== Data to examine ==

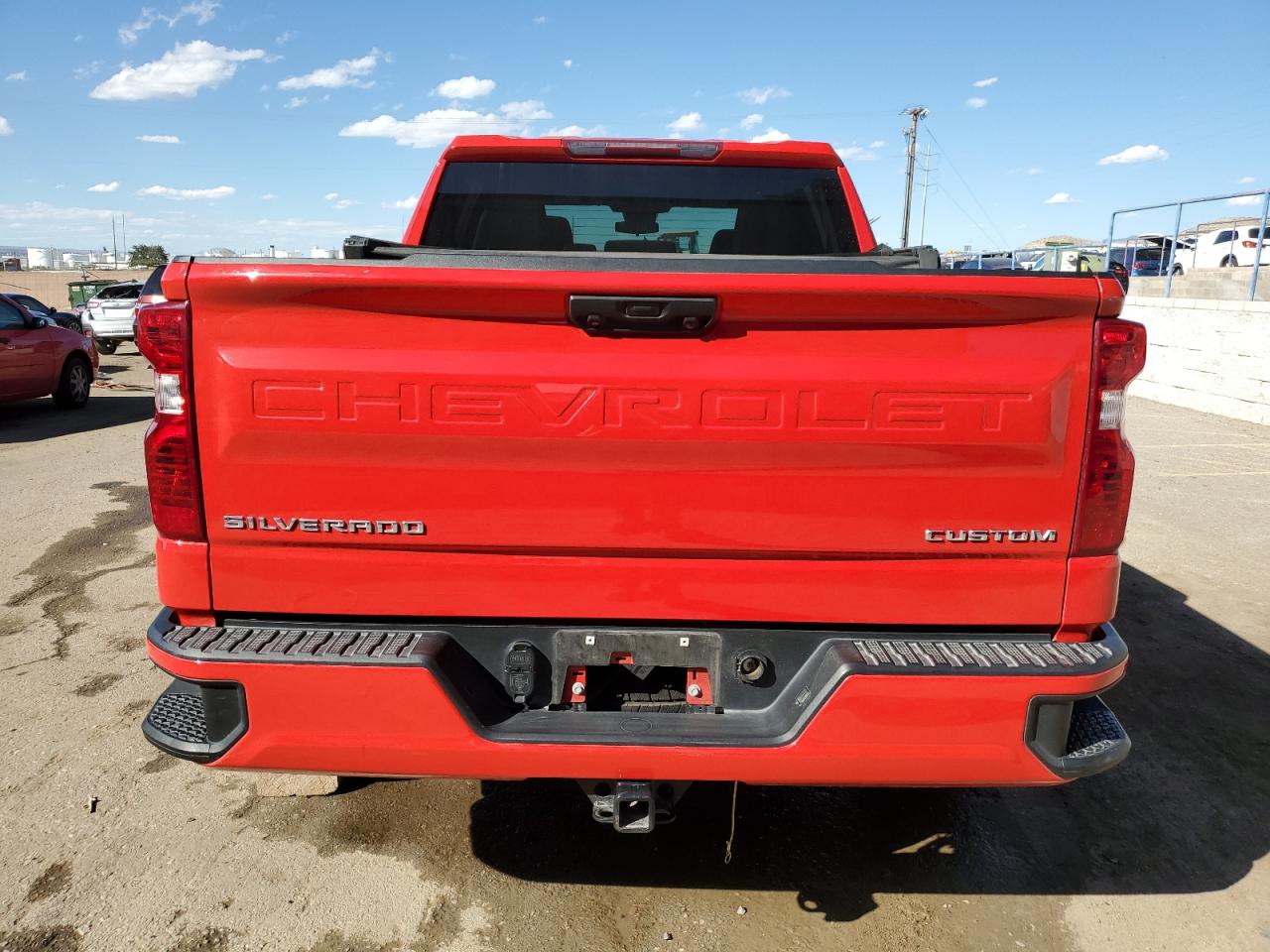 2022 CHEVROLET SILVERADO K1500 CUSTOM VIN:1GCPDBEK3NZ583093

===
== Data to examine ==

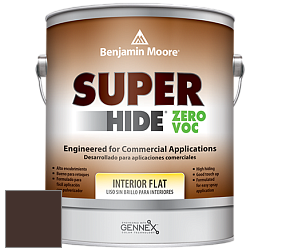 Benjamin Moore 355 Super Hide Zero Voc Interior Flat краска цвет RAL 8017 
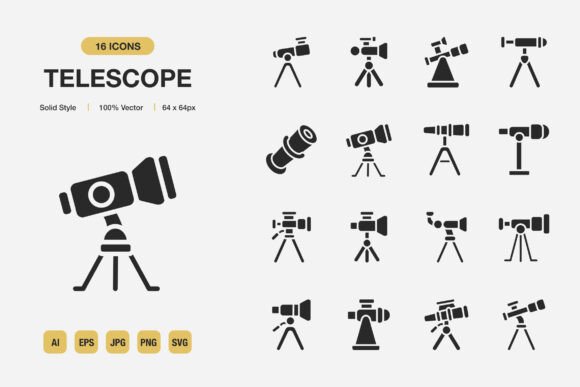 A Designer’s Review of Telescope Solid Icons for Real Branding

===

A verbatim reproduction is expected: starting at the line above that has "Benjamin Moore 355", ending at the line that has "A Designer’s Review", both included, and with no pictures and no other lines.

_Output for this exercise_
 Benjamin Moore 355 Super Hide Zero Voc Interior Flat краска цвет RAL 8017 
 A Designer’s Review of Telescope Solid Icons for Real Branding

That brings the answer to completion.